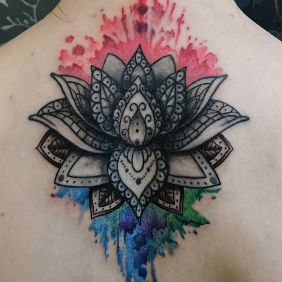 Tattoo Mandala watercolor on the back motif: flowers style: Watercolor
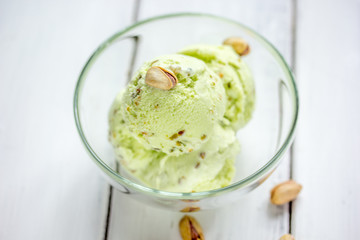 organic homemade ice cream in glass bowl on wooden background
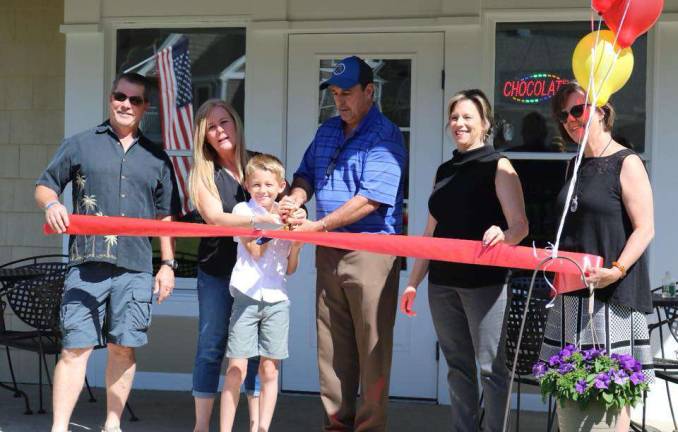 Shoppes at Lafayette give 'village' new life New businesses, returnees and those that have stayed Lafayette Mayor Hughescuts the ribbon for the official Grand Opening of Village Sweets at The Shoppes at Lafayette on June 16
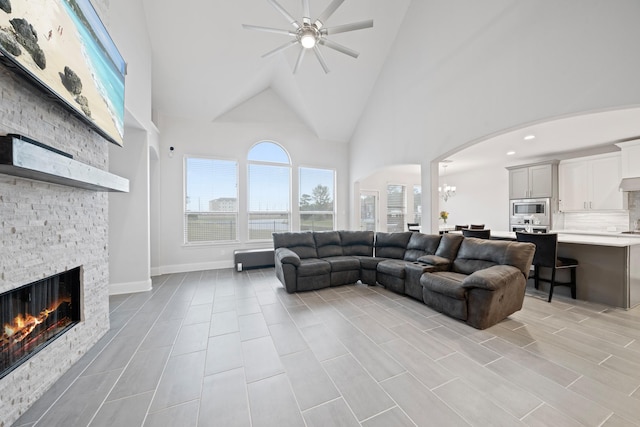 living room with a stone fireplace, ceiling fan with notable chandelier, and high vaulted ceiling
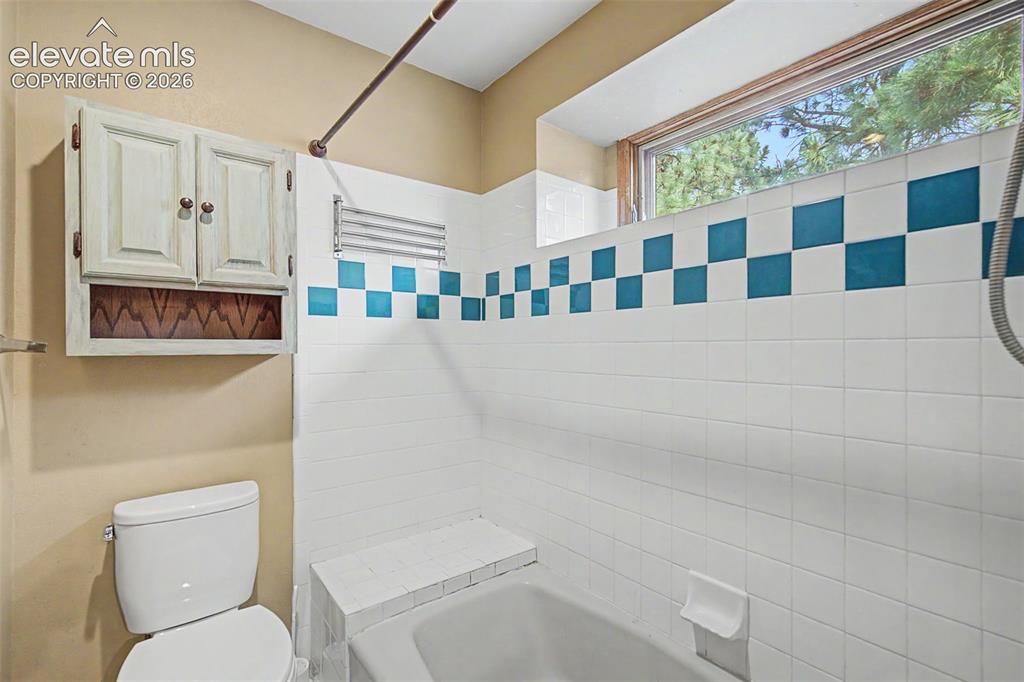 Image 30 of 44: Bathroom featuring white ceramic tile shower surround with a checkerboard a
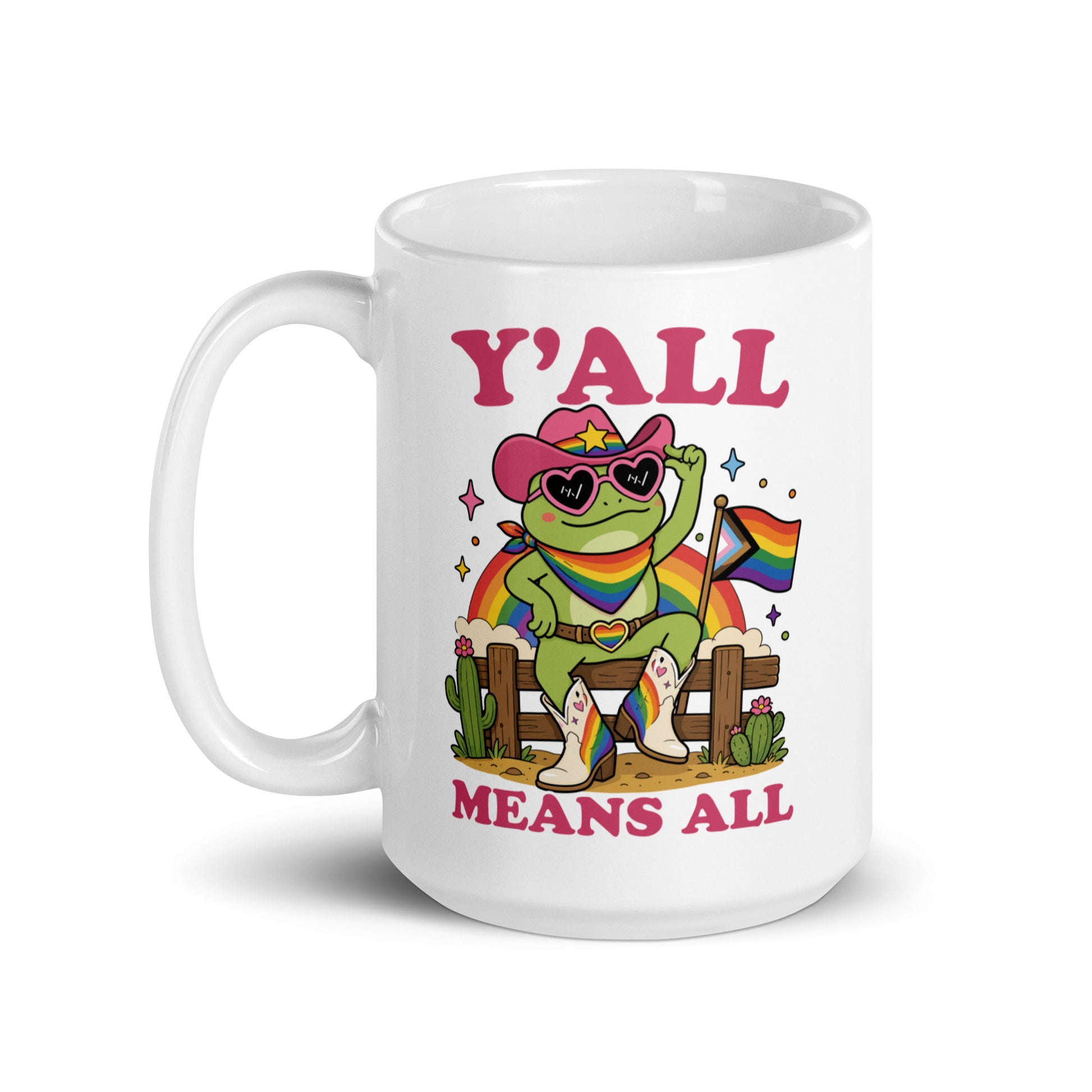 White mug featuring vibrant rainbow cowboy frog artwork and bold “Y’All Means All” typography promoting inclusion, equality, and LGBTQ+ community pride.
■ ■ ■
▶ [Brief]
Could you repeat every record exactly as written, with the pictures left out?

▶ [Answer to this exercise]
 Tattoo Mandala watercolor on the back motif: flowers style: Watercolor
 organic homemade ice cream in glass bowl on wooden background
 Shoppes at Lafayette give 'village' new life New businesses, returnees and those that have stayed Lafayette Mayor Hughescuts the ribbon for the official Grand Opening of Village Sweets at The Shoppes at Lafayette on June 16
 living room with a stone fireplace, ceiling fan with notable chandelier, and high vaulted ceiling
 Image 30 of 44: Bathroom featuring white ceramic tile shower surround with a checkerboard a
 White mug featuring vibrant rainbow cowboy frog artwork and bold “Y’All Means All” typography promoting inclusion, equality, and LGBTQ+ community pride.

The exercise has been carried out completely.